Content starts

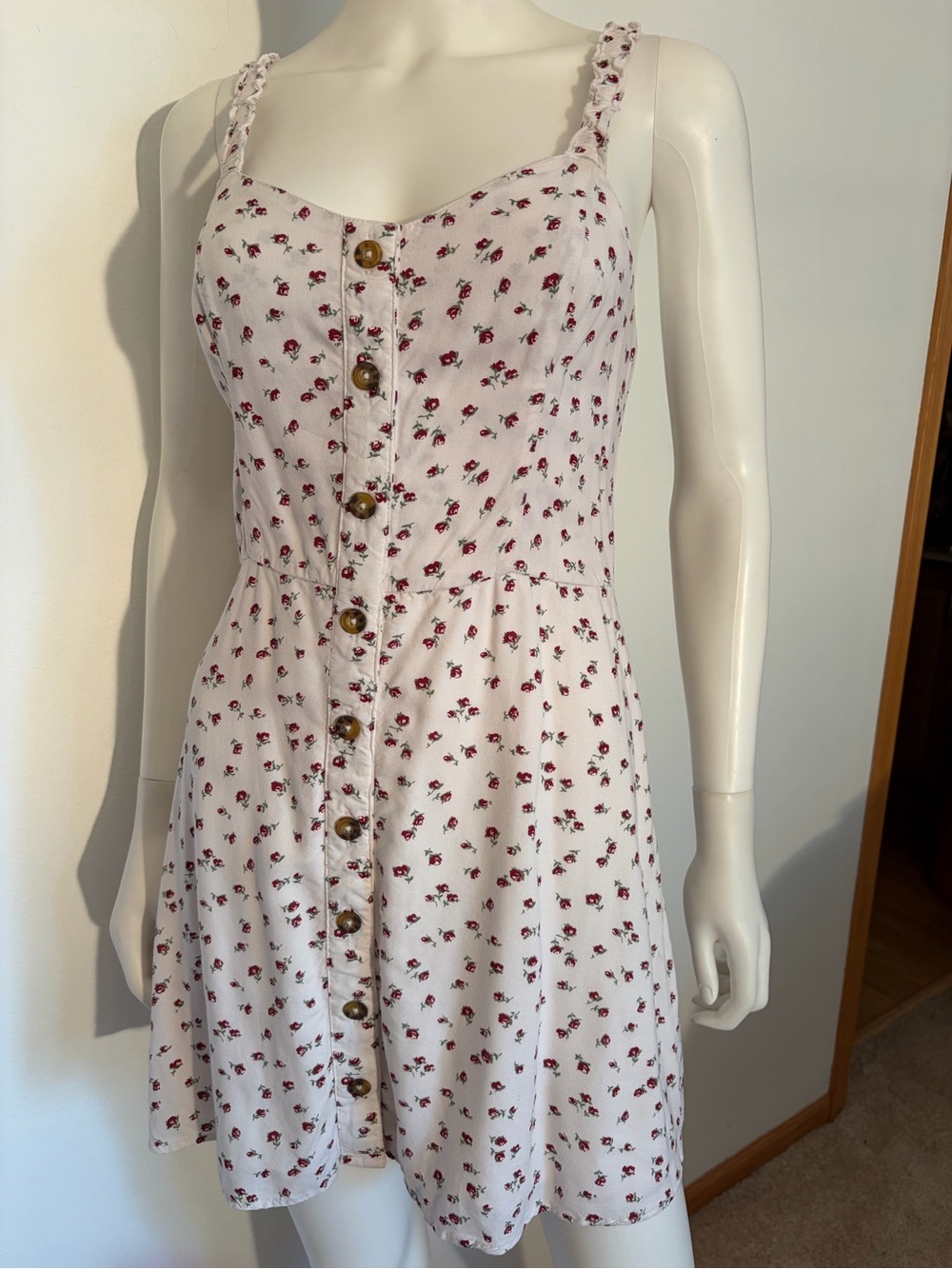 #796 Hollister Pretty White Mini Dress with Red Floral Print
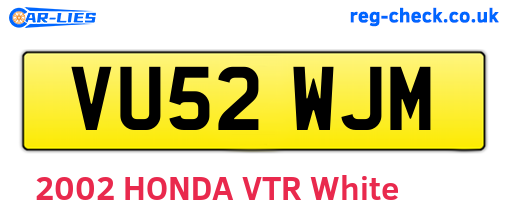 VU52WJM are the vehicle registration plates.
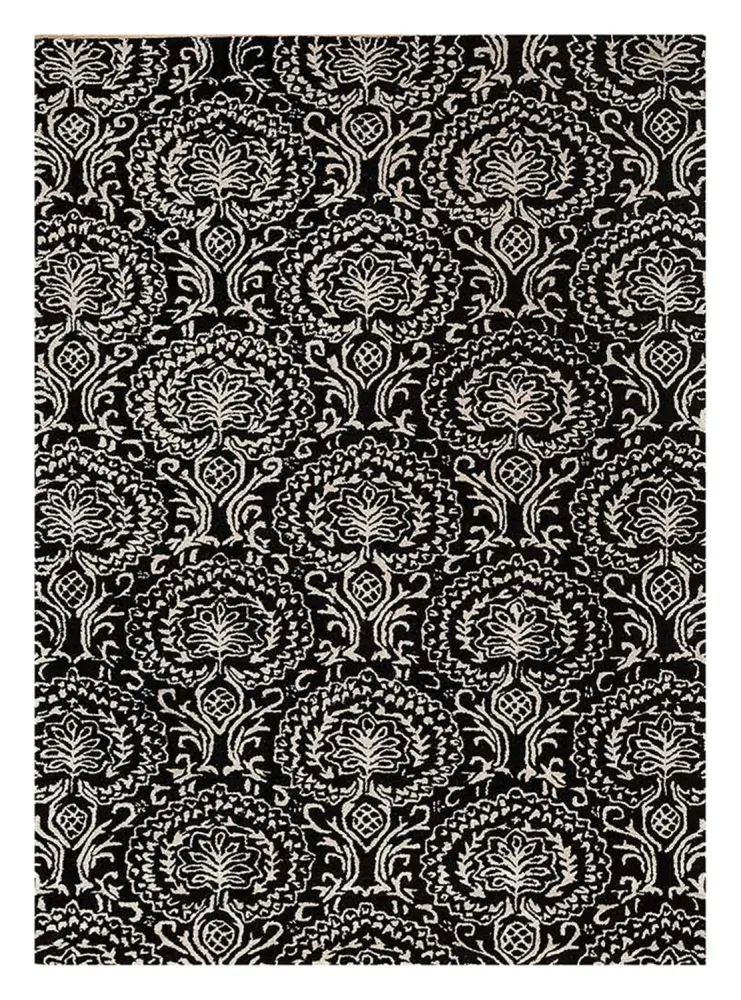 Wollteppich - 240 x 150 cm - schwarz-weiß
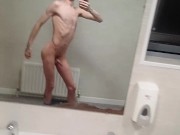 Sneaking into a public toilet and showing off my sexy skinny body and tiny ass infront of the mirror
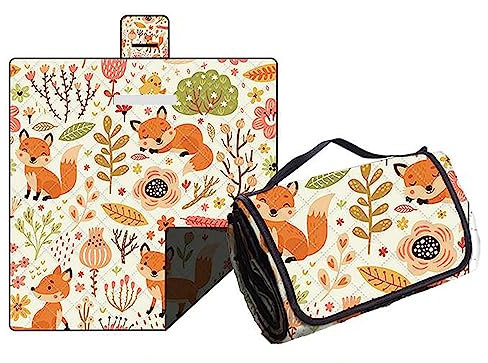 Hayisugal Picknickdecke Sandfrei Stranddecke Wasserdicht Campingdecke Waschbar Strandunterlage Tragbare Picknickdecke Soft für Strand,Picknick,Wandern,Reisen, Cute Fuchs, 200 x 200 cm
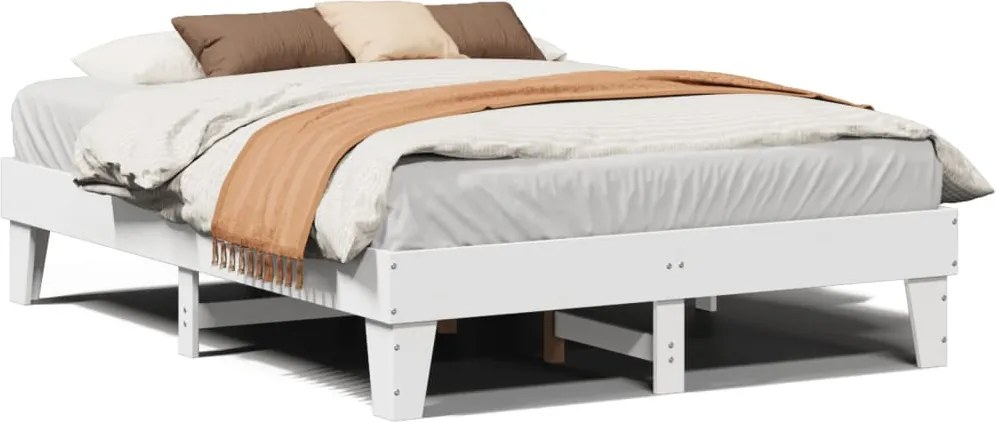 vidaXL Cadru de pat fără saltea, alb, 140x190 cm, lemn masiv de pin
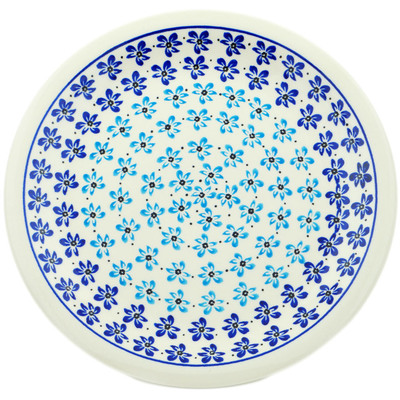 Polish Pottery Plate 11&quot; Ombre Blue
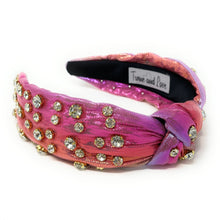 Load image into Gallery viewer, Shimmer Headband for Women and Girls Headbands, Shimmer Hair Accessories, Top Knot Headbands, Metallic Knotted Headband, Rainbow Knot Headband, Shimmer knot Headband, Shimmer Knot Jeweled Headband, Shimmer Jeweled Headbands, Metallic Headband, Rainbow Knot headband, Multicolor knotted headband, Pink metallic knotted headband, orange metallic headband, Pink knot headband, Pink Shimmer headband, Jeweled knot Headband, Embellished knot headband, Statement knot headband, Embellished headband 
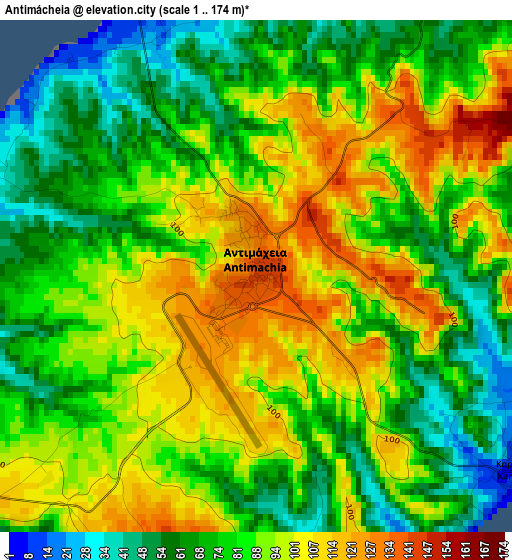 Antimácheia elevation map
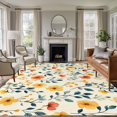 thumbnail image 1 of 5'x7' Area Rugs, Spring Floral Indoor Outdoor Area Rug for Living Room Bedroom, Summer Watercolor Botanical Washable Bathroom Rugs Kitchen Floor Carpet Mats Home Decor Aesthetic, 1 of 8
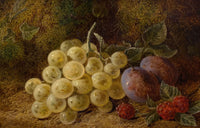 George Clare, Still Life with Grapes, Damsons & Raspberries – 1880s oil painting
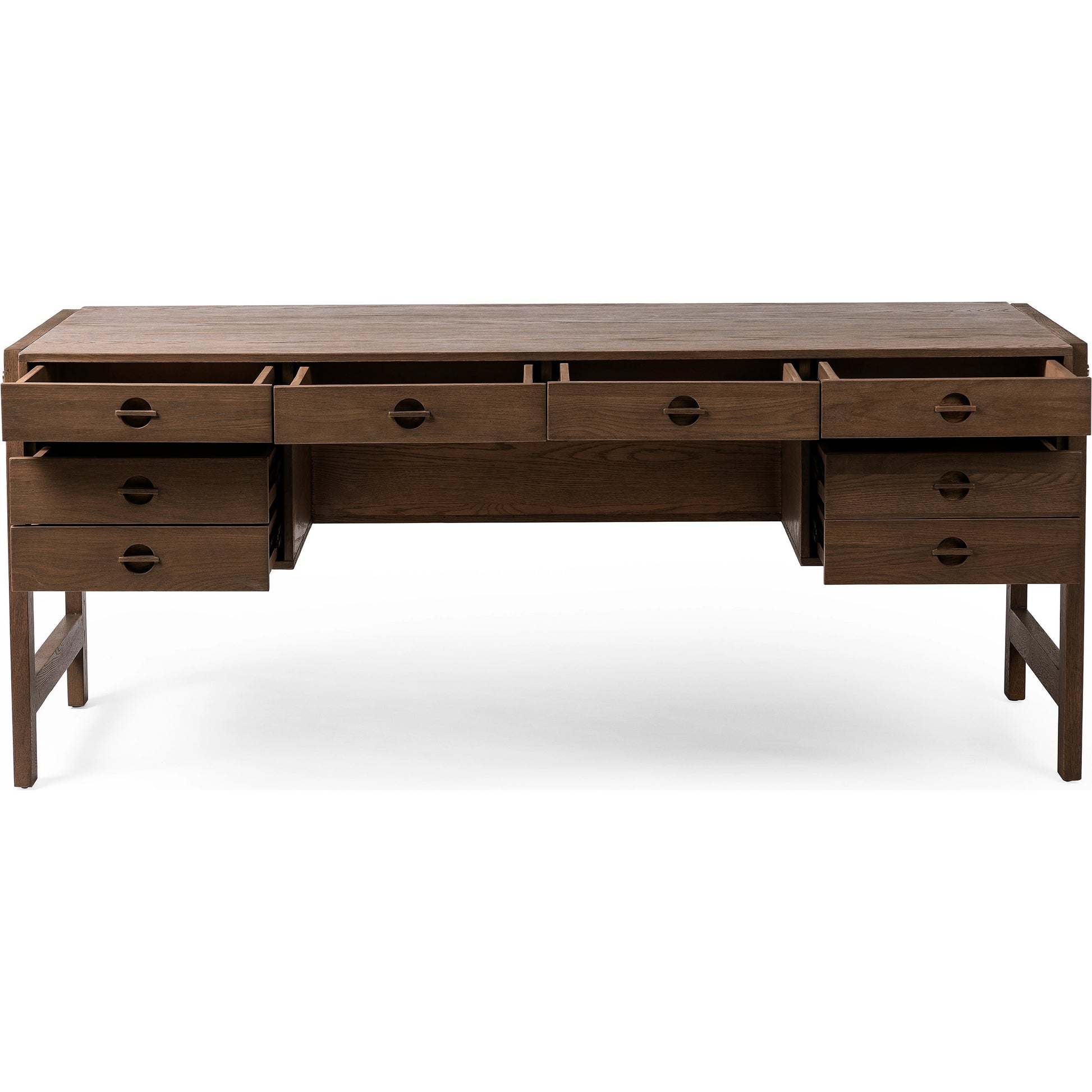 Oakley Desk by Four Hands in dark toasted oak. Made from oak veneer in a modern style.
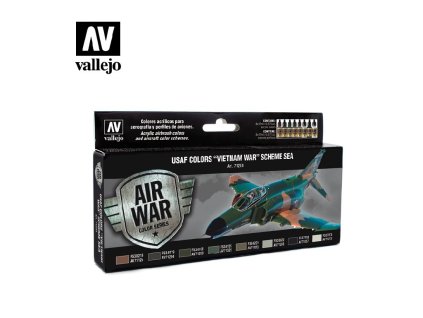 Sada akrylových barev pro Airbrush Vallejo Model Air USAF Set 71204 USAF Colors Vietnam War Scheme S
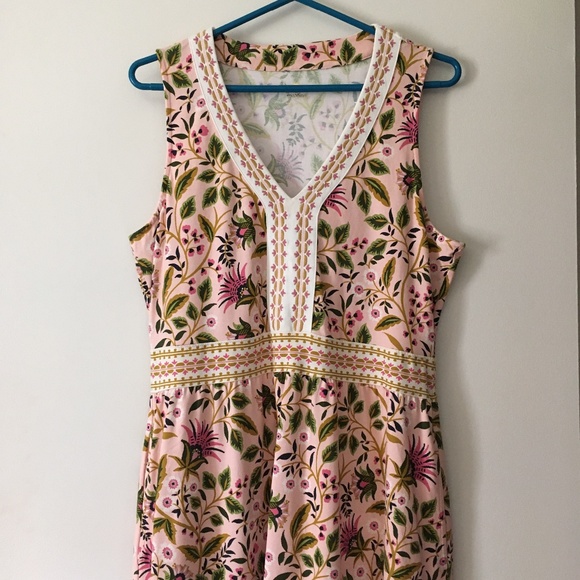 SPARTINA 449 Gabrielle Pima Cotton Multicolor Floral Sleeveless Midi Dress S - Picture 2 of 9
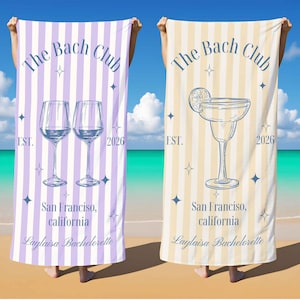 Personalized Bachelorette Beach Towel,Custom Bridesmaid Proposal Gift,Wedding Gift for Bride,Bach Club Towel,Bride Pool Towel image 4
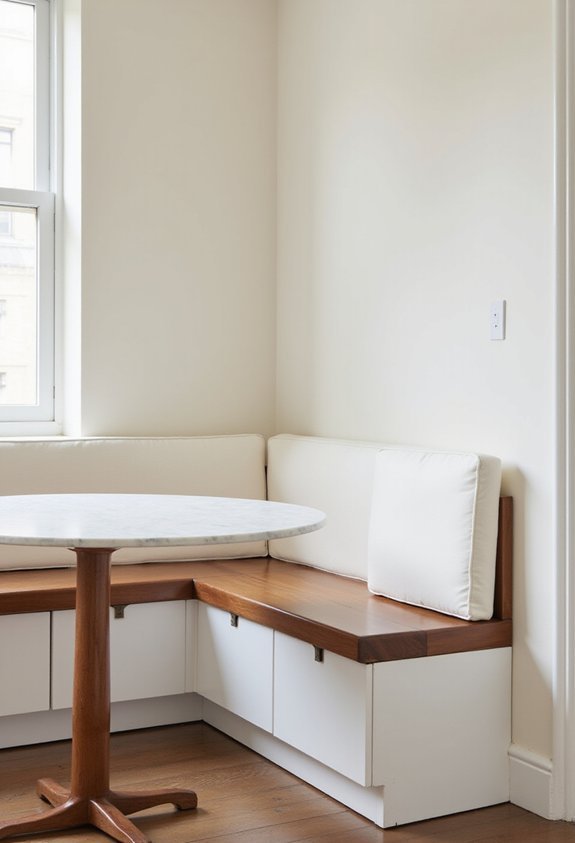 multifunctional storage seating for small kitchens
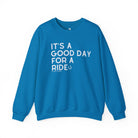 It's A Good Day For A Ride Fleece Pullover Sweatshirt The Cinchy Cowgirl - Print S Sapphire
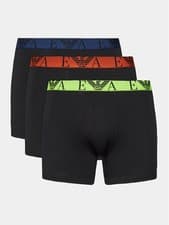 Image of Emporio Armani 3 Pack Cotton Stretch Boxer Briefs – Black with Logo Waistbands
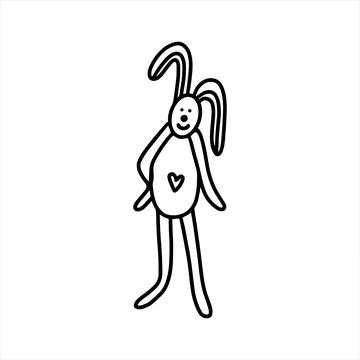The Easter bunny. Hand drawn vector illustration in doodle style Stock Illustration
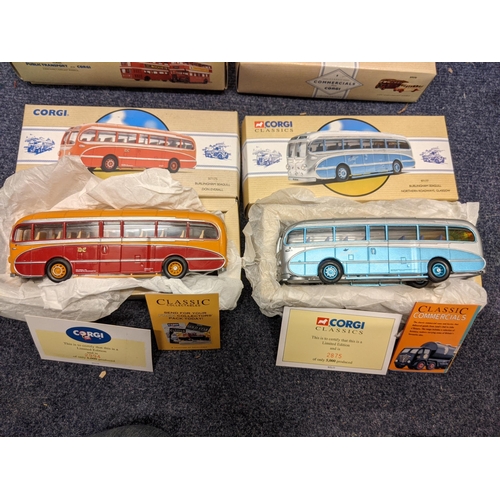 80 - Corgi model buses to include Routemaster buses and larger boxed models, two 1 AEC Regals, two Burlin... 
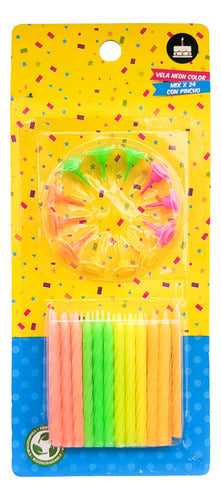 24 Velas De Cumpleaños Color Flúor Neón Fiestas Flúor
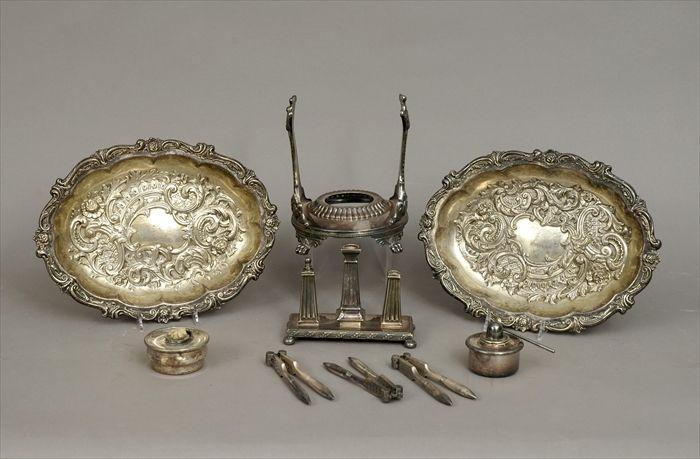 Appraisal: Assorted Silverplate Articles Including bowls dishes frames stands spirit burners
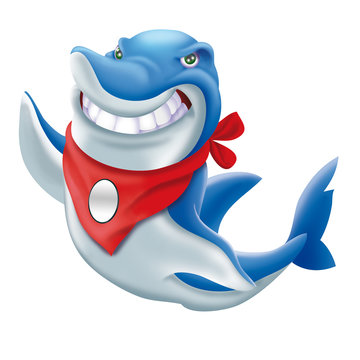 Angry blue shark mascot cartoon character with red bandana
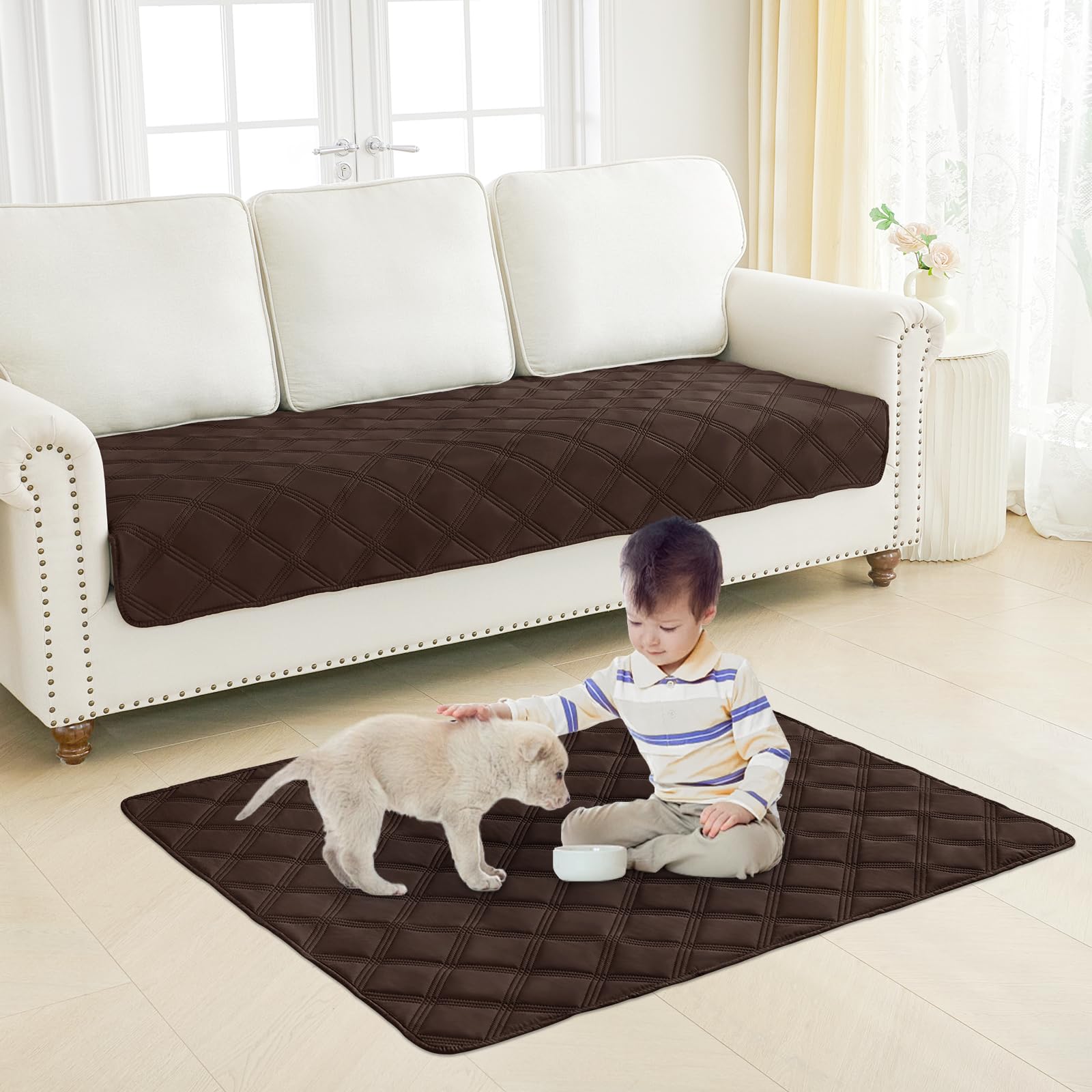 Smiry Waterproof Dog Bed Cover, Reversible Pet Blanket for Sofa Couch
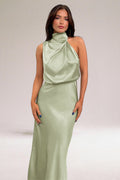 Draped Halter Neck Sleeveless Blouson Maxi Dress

Content ends

From the listing above, please give again the lines that begin with the line holding "Load image into" and go on through the line holding "Image of Emporio", exactly, both ends included, minus any picture.

 Load image into Gallery viewer, Shimmer Headband for Women and Girls Headbands, Shimmer Hair Accessories, Top Knot Headbands, Metallic Knotted Headband, Rainbow Knot Headband, Shimmer knot Headband, Shimmer Knot Jeweled Headband, Shimmer Jeweled Headbands, Metallic Headband, Rainbow Knot headband, Multicolor knotted headband, Pink metallic knotted headband, orange metallic headband, Pink knot headband, Pink Shimmer headband, Jeweled knot Headband, Embellished knot headband, Statement knot headband, Embellished headband 
 Antimácheia elevation map
 thumbnail image 1 of 5'x7' Area Rugs, Spring Floral Indoor Outdoor Area Rug for Living Room Bedroom, Summer Watercolor Botanical Washable Bathroom Rugs Kitchen Floor Carpet Mats Home Decor Aesthetic, 1 of 8
 George Clare, Still Life with Grapes, Damsons & Raspberries – 1880s oil painting
 Oakley Desk by Four Hands in dark toasted oak. Made from oak veneer in a modern style.
 Sada akrylových barev pro Airbrush Vallejo Model Air USAF Set 71204 USAF Colors Vietnam War Scheme S
 SPARTINA 449 Gabrielle Pima Cotton Multicolor Floral Sleeveless Midi Dress S - Picture 2 of 9
 Personalized Bachelorette Beach Towel,Custom Bridesmaid Proposal Gift,Wedding Gift for Bride,Bach Club Towel,Bride Pool Towel image 4
 multifunctional storage seating for small kitchens
 It's A Good Day For A Ride Fleece Pullover Sweatshirt The Cinchy Cowgirl - Print S Sapphire
 Image of Emporio Armani 3 Pack Cotton Stretch Boxer Briefs – Black with Logo Waistbands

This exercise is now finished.